____ SUPPLIED DATA
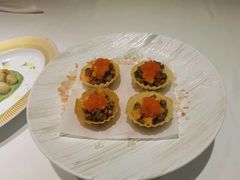 -王品牛排(福州泰禾店)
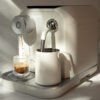 I Spent Weeks With Keurig’s Posh, Plastic-Free Pod Coffee System: What Works and What Doesn’t – CNET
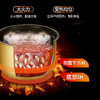 【Panasonic/松下】智能家用IH电饭煲FCC108/188高端电饭锅日本原装进口 商品缩略图2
________
Repeat the listing in full and exactly. Do not include any images.

◆ FINAL ANSWER:
 -王品牛排(福州泰禾店)
 I Spent Weeks With Keurig’s Posh, Plastic-Free Pod Coffee System: What Works and What Doesn’t – CNET
 【Panasonic/松下】智能家用IH电饭煲FCC108/188高端电饭锅日本原装进口 商品缩略图2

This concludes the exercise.